I’m not sure it’s the feature that’ll motivate fence-sitters off their palisades to buy one, but if you already own a Wii U — or better still, two — the latest system update finally adds the option to run a full system transfer, Wii U to Wii U.
To be clear, you’re already able to transfer data off the Wii U, you just can’t back it up. Does that sound oxymoronic? Let me explain.
Wii U data can only exist in one place, so you either have it on the Wii U’s internal flash or an external USB storage device, but never in both places at once. If you brick your Wii U and your save files live on an external storage device, then you buy or receive a replacement Wii U, you’ve had no way of recovering those files. Making matters worse, Nintendo doesn’t offer cloud saves, so you could argue the Wii U is inferior to the original Nintendo Entertainment System (which in some cases allowed you to save straight to the cartridge) as well as most systems that’ve come after it.
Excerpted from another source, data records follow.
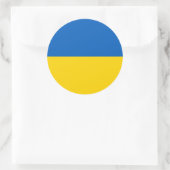 Flag of Ukraine ラウンドシール (バッグ)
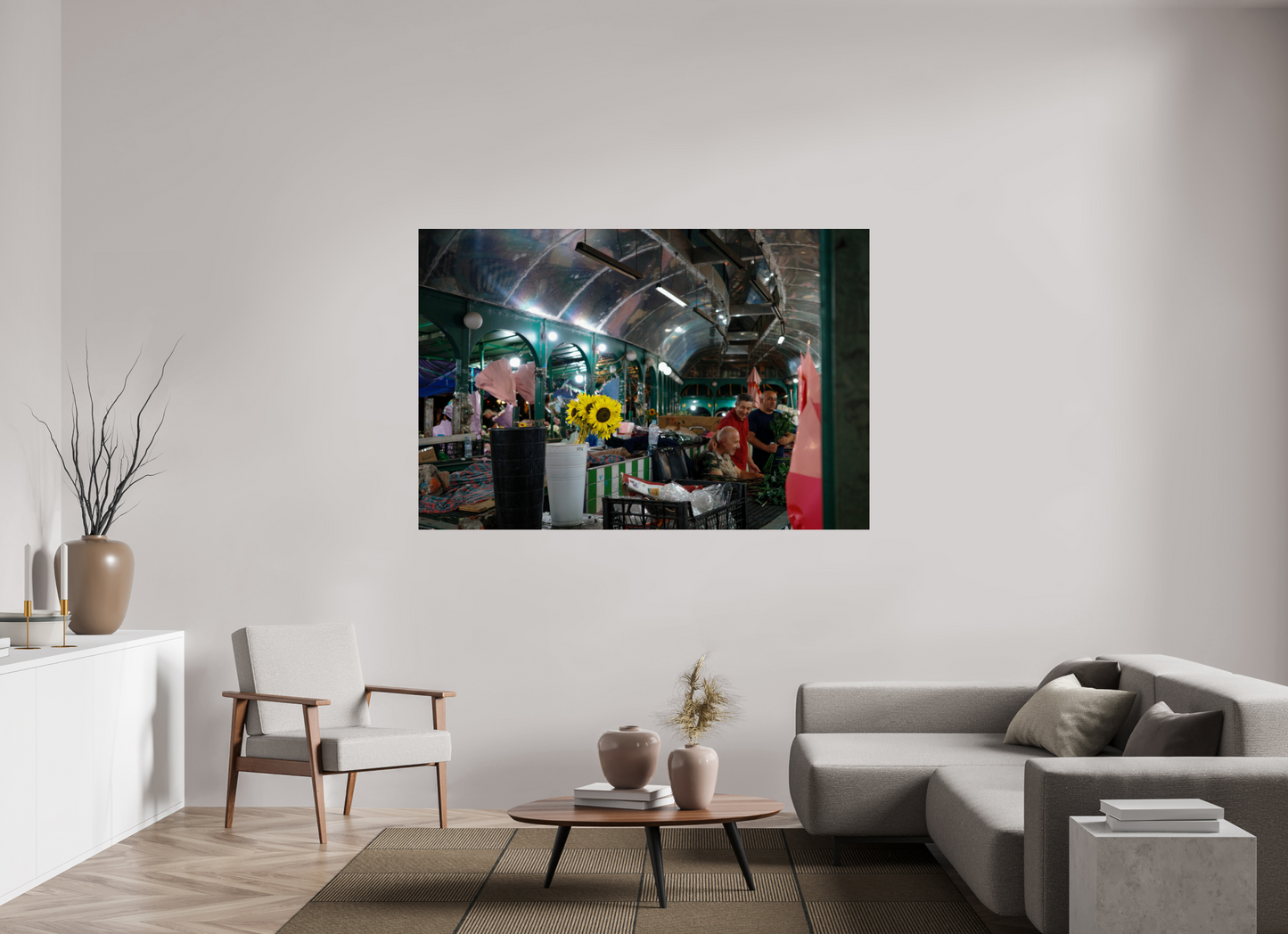180 x 120 cm, Photo Print On Fuji Crystal DP II Night in Tiblis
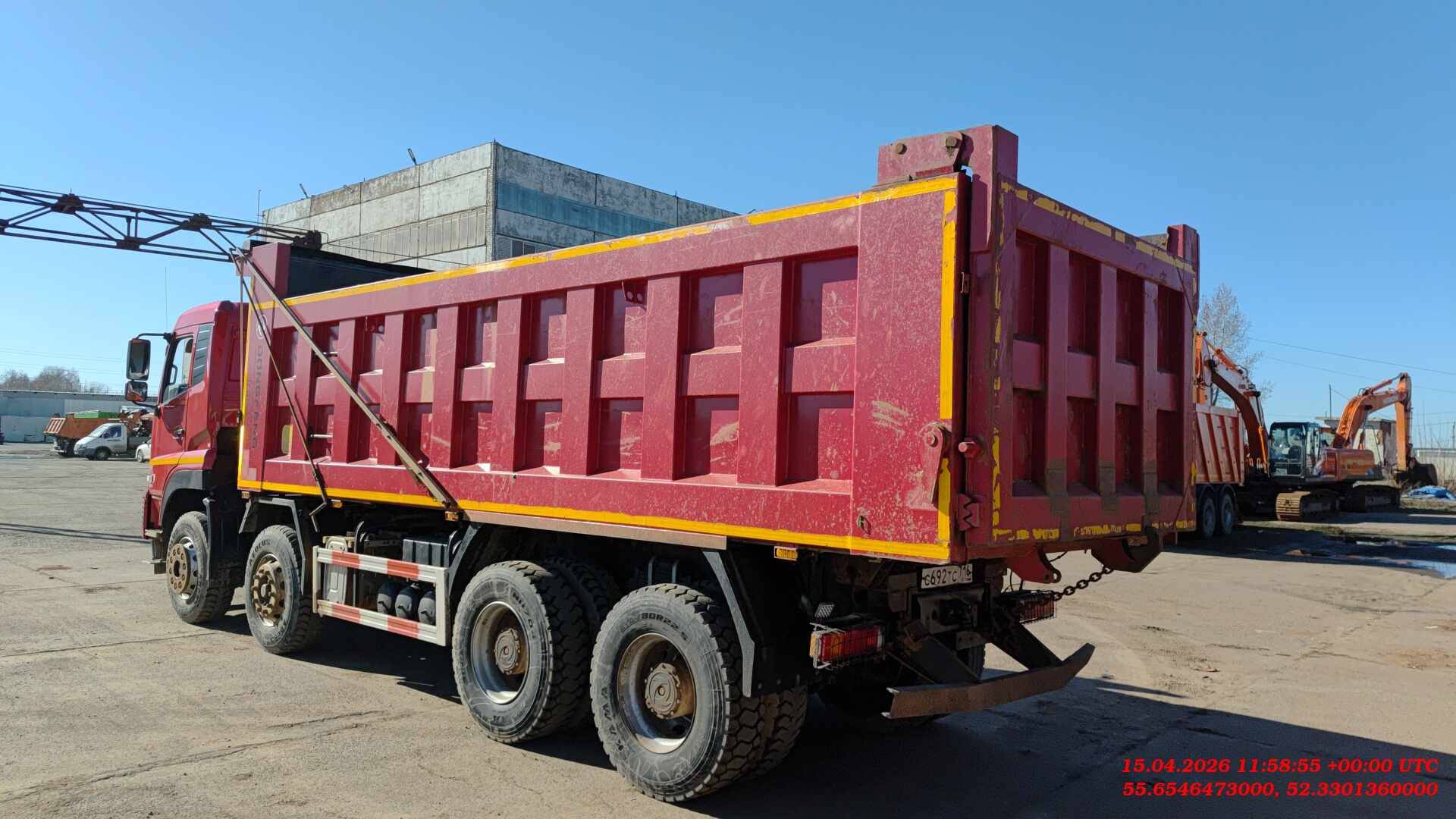 DongFeng DFH 3440 A 80 8x4,  55 984 км, 2022 года в лизинг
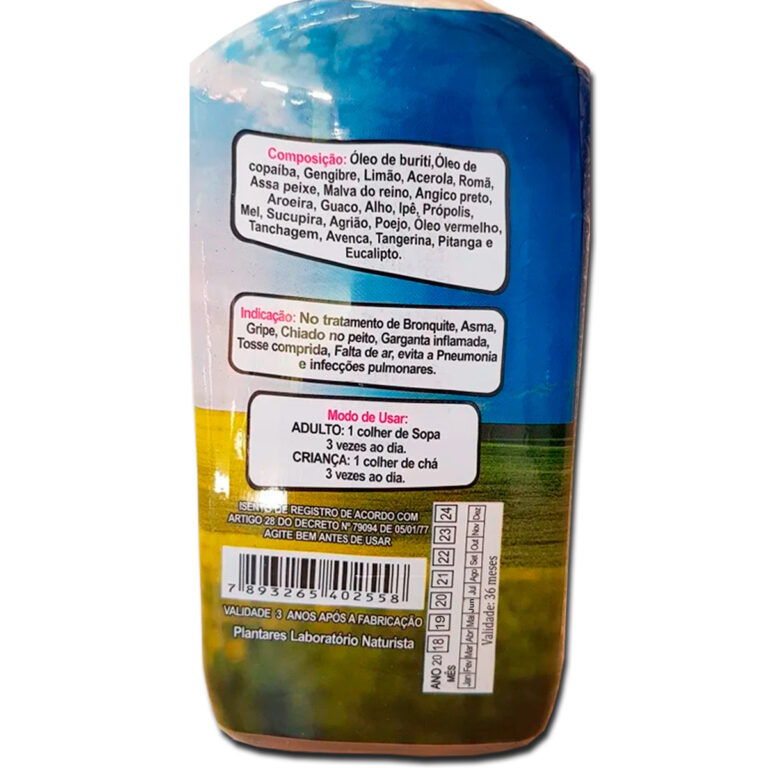 Xarope da Vovó Naturela Shop distribuidora de produtos naturais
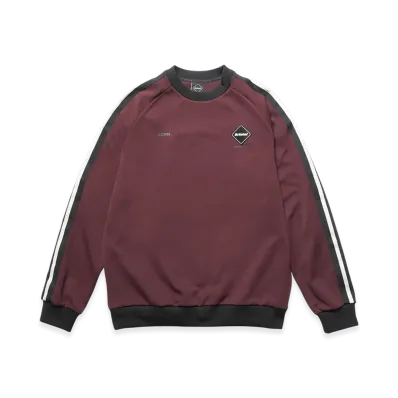 F.C.Real Bristol Training Track Crewneck Top "Burgundy"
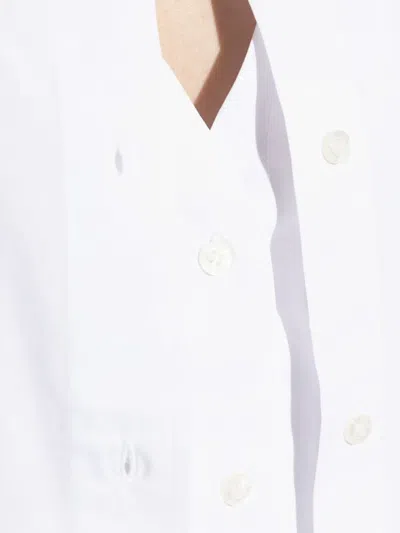 Samsoe & Samsoe Samoon Tie-detail Shirt In White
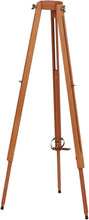 Load image into Gallery viewer, Classic Adjustable Tripod Easel in Natural Wood - Ideal for Outdoor Artists
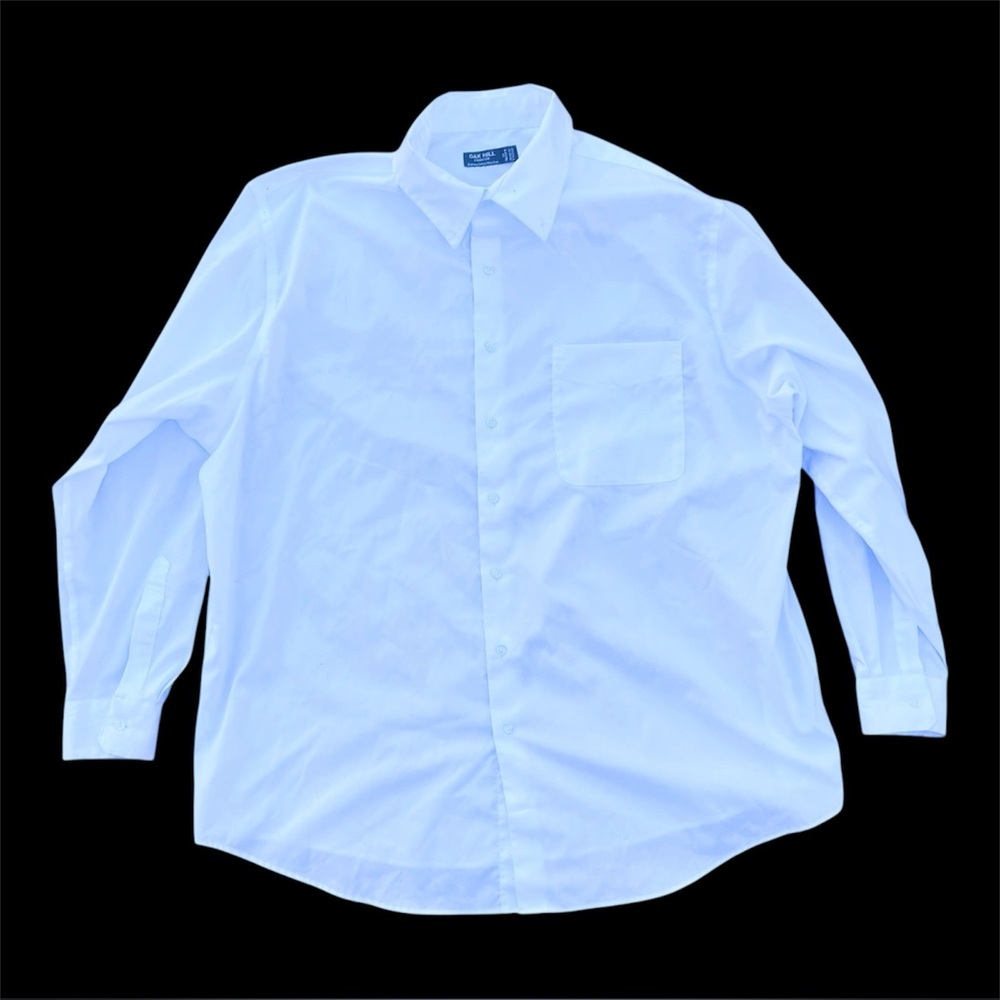 Oak Hill White Button Up Dress Shirt White Men’s Size 36/37 T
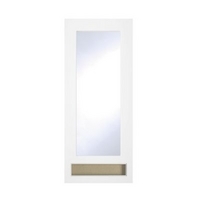 it Kitchens White Gloss Integrated Handle Pack F Glazed Door 300mm
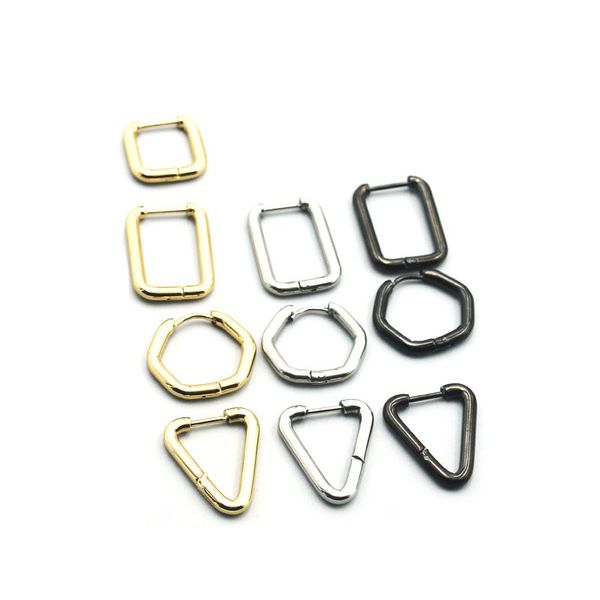 huggie mens hoop earrings square triangle huggie stainless steel ear stud punk rock steel black gold color 60pcs, Golden;silver
huggie mens hoop earrings square triangle huggie stainless steel ear stud punk rock steel black gold color 60pcs, Golden;silver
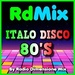 RdMix Italo Disco 80s Logo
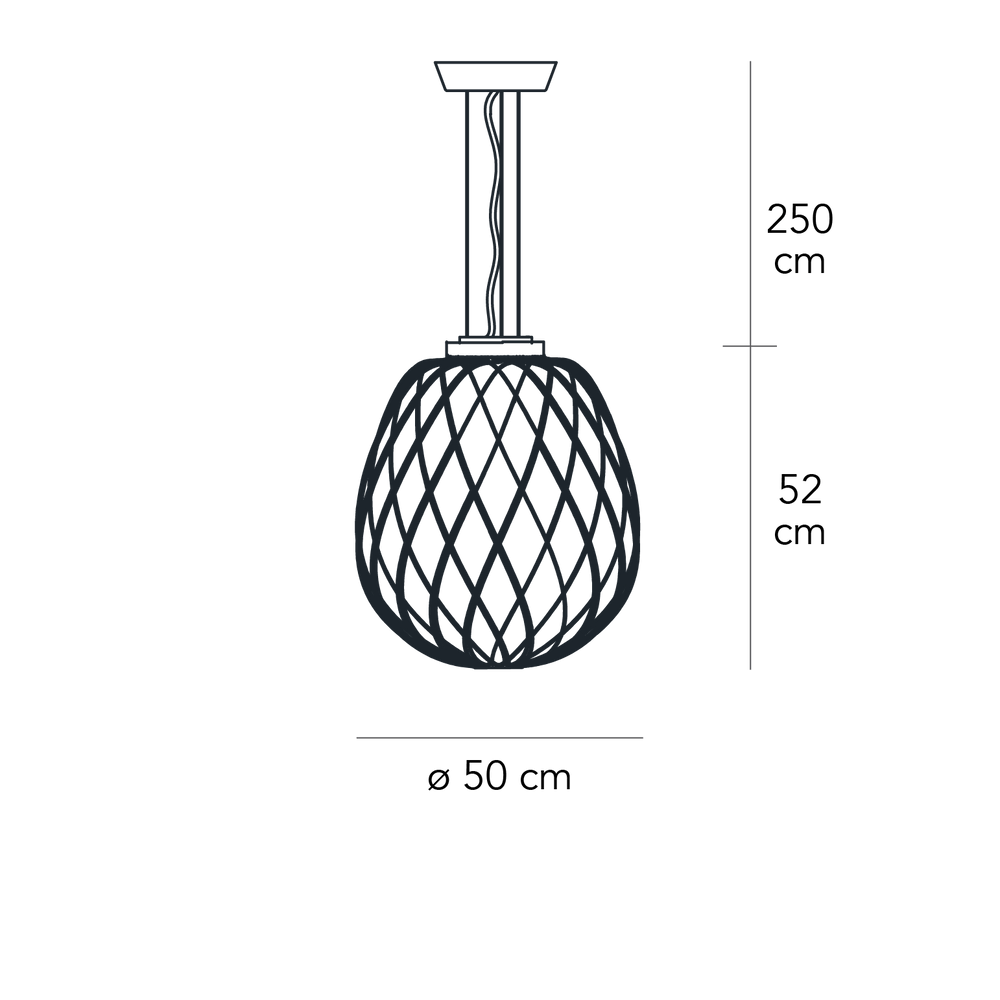 Suspension Lamp PINECONE Large Gold by Paola Navone for FontanaArte 03
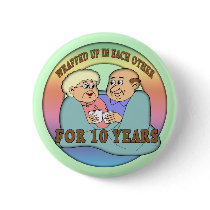 10th Anniversary Wedding Buttons by wedding_anniversary 10th Anniversary Wedding Buttons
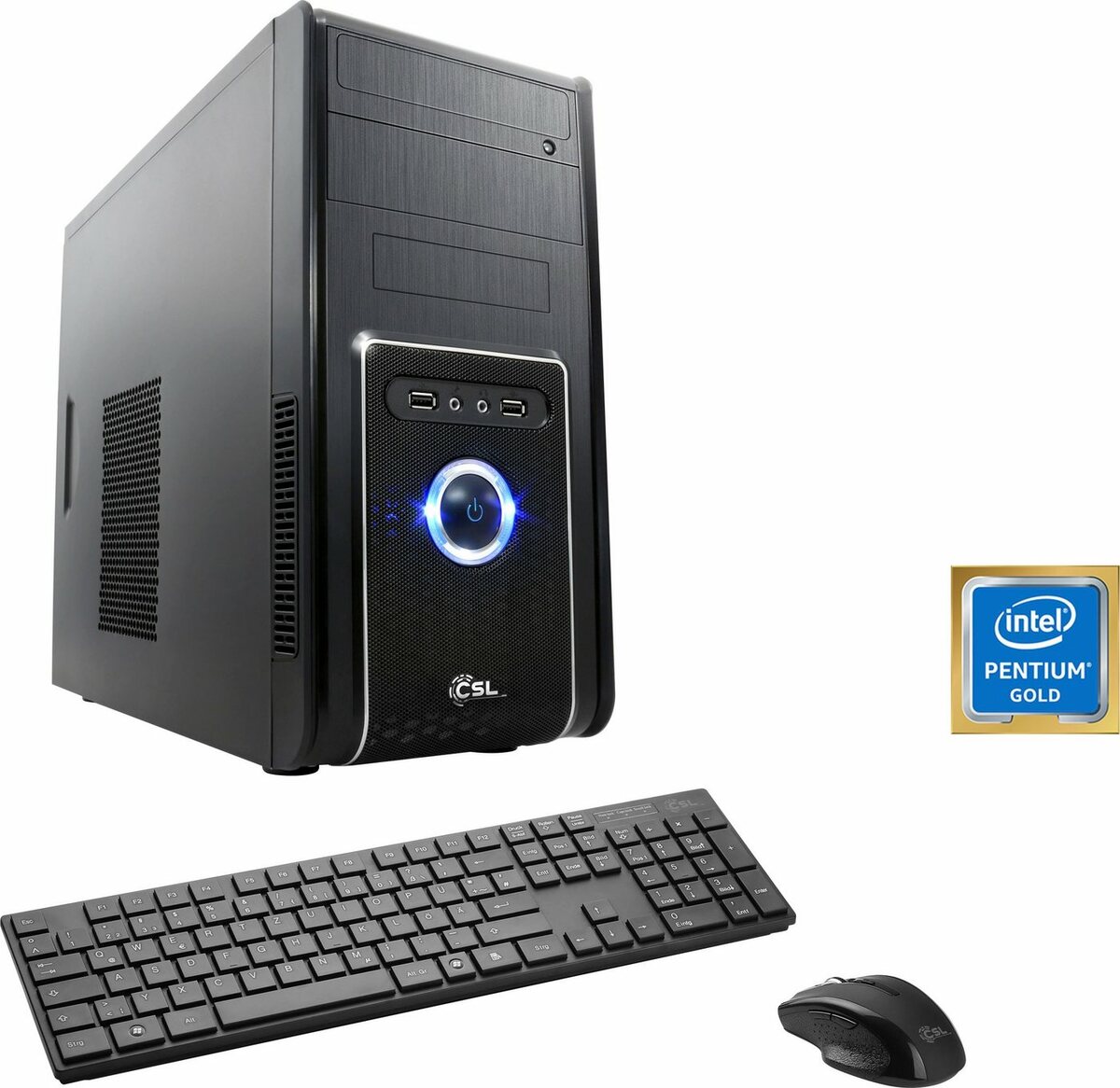 Bild 1 von CSL Speed V1718 PC (Intel® Pentium Gold G6400, Intel UHD Graphics 610, 16 GB RAM, 1000 GB SSD, Luftkühlung)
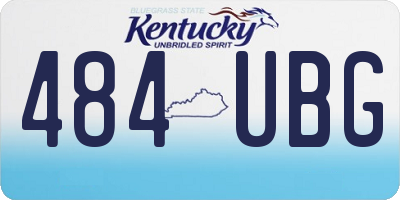 KY license plate 484UBG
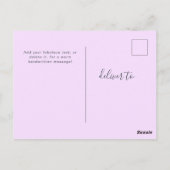 Cartes de vœux familiales avec un script simple et (Dos)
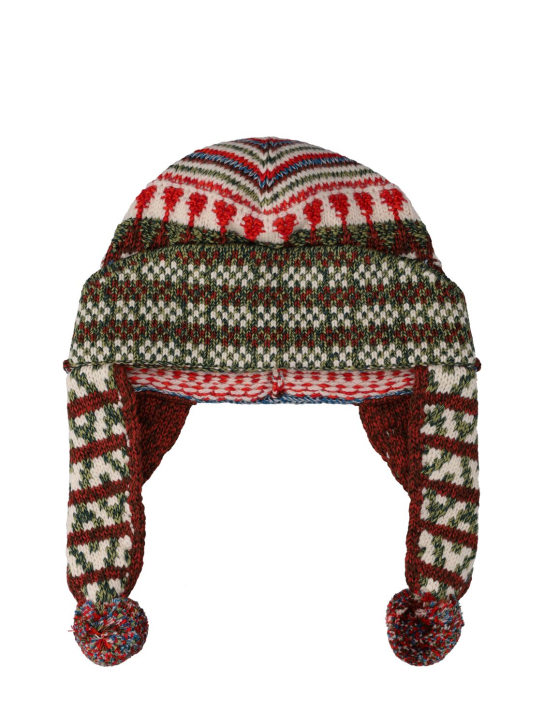 Loro Piana: Silk blend knit hat w/ pompom - women_0 | Luisa Via Roma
Nintendo’s latest Wii U system update, out yesterday, goes some way toward rectifying this deficit, but the restrictions are pretty onerous. For starters, you’ll need the source Wii U alive and kicking and running the same system software version as the destination Wii U. From there, you’re in essence running an all-or-nothing clone operation: the source Wii U transfers “any users, Nintendo Network IDs, save data, and digital content” to the target Wii U, then wipes the source Wii U clean.
That’s helpful if you own a vanilla Wii U, say, and want to transition to the annual custom-painted limited edition. But we’re probably talking about a handful of hardcore Nintendophiles. Who wants to own two otherwise identical Wii Us? And even then, you’re not backing anything up, you’re just moving it from one system to another.
It’s a shame, because what I’d wager Wii U owners really want — or at least what I do — is a way to back up those Wii U save files, be it to the cloud or an external storage device. Microsoft and Sony have supported save file duplication to external storage as well as cloud save-file backups for years. Nintendo’s system update is arguably helpful for a tiny fraction of Nintendo’s audience, in other words, but not the backup/transfer feature Wii U owners have long deserved.